The bottom line is that the dishwasher will blow all GFCI outlets on the one circuit, but works on all other circuits. Am assuming there is a problem with that circuit or one of the outlets.

Anyone have any thoughts?

Thank You


----------



## gregzoll (Dec 25, 2006)

Is this a portable unit, or permanent? If later, who told you that it needed to be GCFI protected? If all the GCFI's on the same circuit are tripping, I would have an electrician check it out. They make testers specifically that allow testing of ACFI & GCFI protected outlets.


----------



## Mikedks (Sep 13, 2006)

It is a permanent unit, been working fine for the last 4 years. Am not assuming it should be on a GFCI outlet, only that it is on one and apparently all the others on that circuit. 

Thanks


----------



## gregzoll (Dec 25, 2006)

The dishwasher should be on its own circuit.


----------



## Proby (Jul 17, 2010)

gregzoll said:


> The dishwasher should be on its own circuit.


In a perfect world, yes. New installations as well. But many older homes have grandfathered electrical systems not up to current code. 

Mikedks, where is this dishwasher receptacle located, under the sink or behind the dishwasher? 

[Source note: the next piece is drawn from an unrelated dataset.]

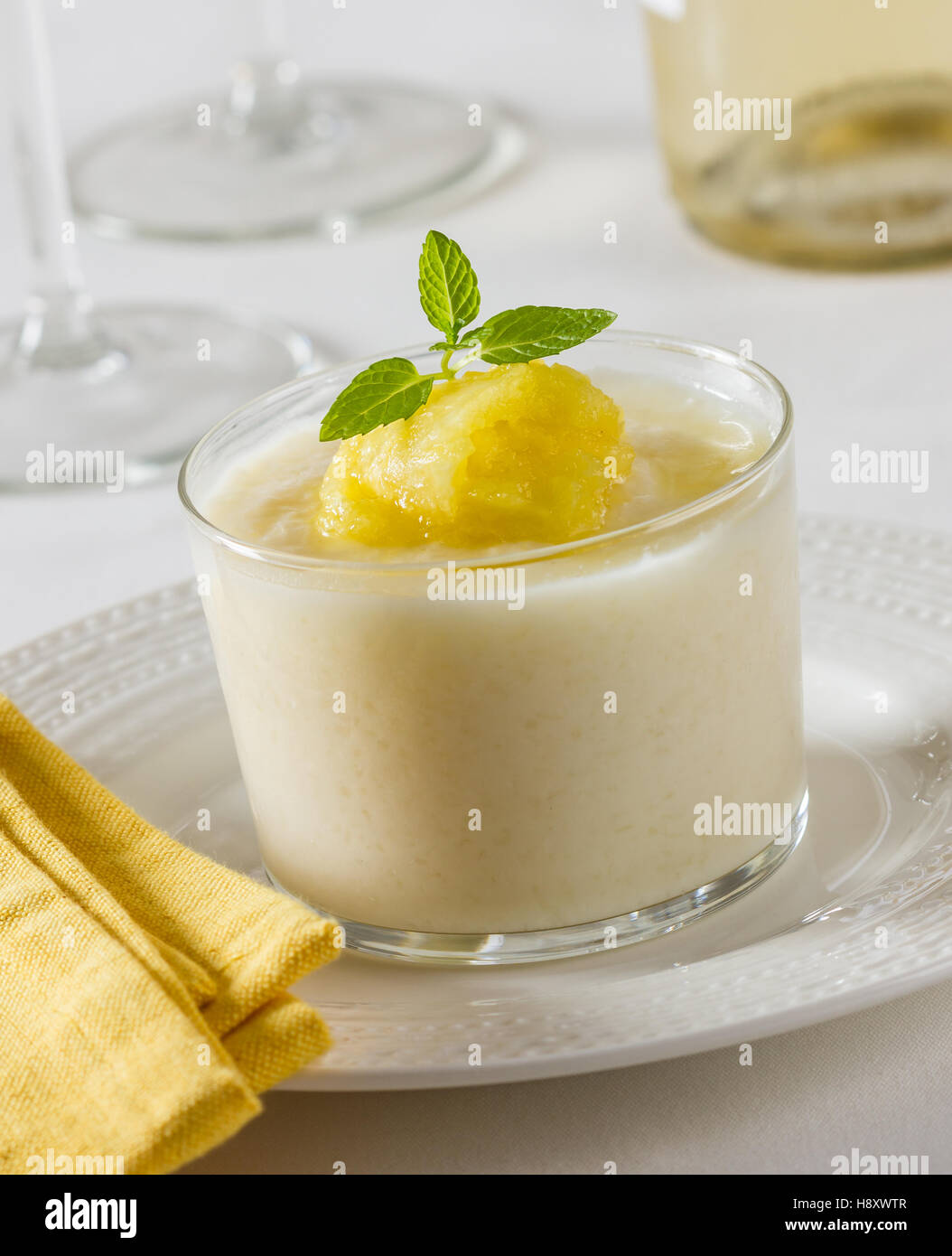 Dessert di frutta con ananas gelato e noce di cocco Foto Stock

What I would do is press the "TEST" button on the GFCI, then I would go around to every other receptacle in the kitchen and make sure they are still on. If they are all still on, that ensures that the GFCI behind the dishwasher is not protecting any other receptacle. Knowing that, you can just change out the GFCI for a normal duplex receptacle to avoid any further nuisance tripping.


----------



## Mikedks (Sep 13, 2006)

Proby said:


> In a perfect world, yes. New installations as well. But many older homes have grandfathered electrical systems not up to current code.
> 
> Mikedks, where is this dishwasher receptacle located, under the sink or behind the dishwasher?
> 
> What I would do is press the "TEST" button on the GFCI, then I would go around to every other receptacle in the kitchen and make sure they are still on. If they are all still on, that ensures that the GFCI behind the dishwasher is not protecting any other receptacle. Knowing that, you can just change out the GFCI for a normal duplex receptacle to avoid any further nuisance tripping.

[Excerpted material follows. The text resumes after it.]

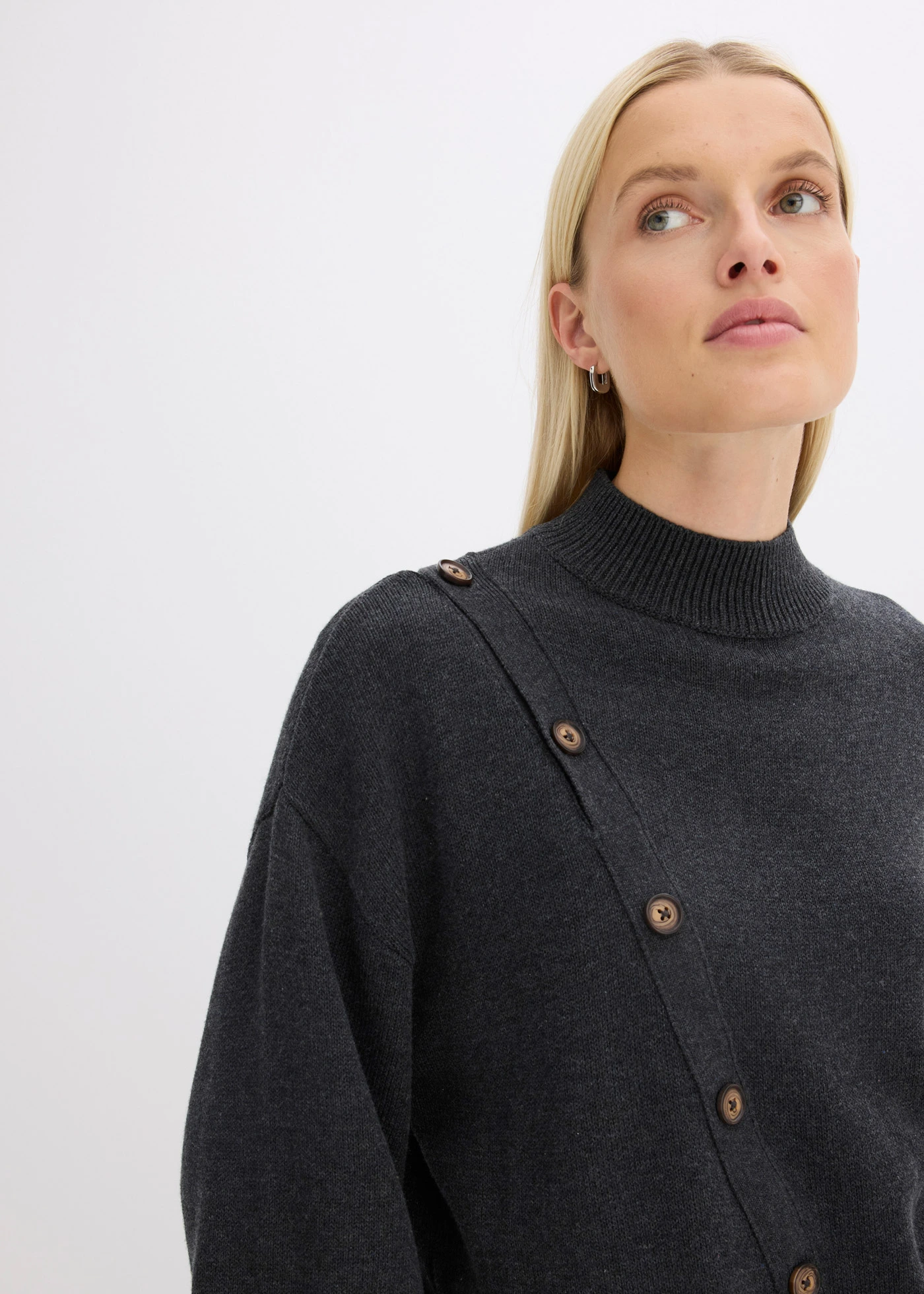 Svetr s knoflíkovou lištou • antracitový melír • bonprix obchod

The receptacle is located under the sink, and yes, it is definitely not on a dedicated circuit. But then again, the home is 40+ years old. From past experience with an electrician, I know you need GFCI by the sink, but what 
about under the sink?

Thanks


----------



## gregzoll (Dec 25, 2006)

Not really, unless local jurisdiction states that you do for the disposal if it plugs in. As for the DW, those are usually hardwired, with a standard breaker.


----------



## bobelectric (Mar 3, 2007)

Shame on the repair guys for changing the conrol panel rather than finding out why it,the gfi tripped. Did they charge you?


----------



## Mikedks (Sep 13, 2006)

bobelectric said:


> Shame on the repair guys for changing the conrol panel rather than finding out why it,the gfi tripped. Did they charge you?


Is the pope catholic?, yeah they charged me.

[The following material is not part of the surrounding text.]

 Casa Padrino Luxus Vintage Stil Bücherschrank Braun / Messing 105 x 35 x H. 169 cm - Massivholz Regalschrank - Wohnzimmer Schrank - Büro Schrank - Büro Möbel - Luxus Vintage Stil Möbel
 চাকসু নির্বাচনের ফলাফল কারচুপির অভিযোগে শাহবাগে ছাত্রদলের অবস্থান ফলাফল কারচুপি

To be honest, I really can't blame the appliance guy too much, who would
have thought it was the electric. The catch all for modern dishwashers apparently is the control panel, all else fails, replace it. All in all, would have been nice if he had made a gesture, anything would have been OK. Now its hard to recommend the guy. 

At least I know my electrician's a good guy.

Thanks


----------



## williswires (Jul 21, 2008)

You mention "all the GFCI outlets on the circuit", which leads me to believe you have multiple GFCIs on the circuit. 

And since they all trip, that would tend to indicate they are wired in series, meaning the LOAD connection of the 1st is connected to the LINE of the 2nd, the LOAD of the second wired to the LINE of the first, etc.

Multiple GFCI in series this way are unnecessary and produce nuisance tripping.


----------



## Proby (Jul 17, 2010)

williswires said:


> You mention "all the GFCI outlets on the circuit", which leads me to believe you have multiple GFCIs on the circuit.
> 
> And since they all trip, that would tend to indicate they are wired in series, meaning the LOAD connection of the 1st is connected to the LINE of the 2nd, the LOAD of the second wired to the LINE of the first, etc.
> 
> Multiple GFCI in series this way are unnecessary and produce nuisance tripping.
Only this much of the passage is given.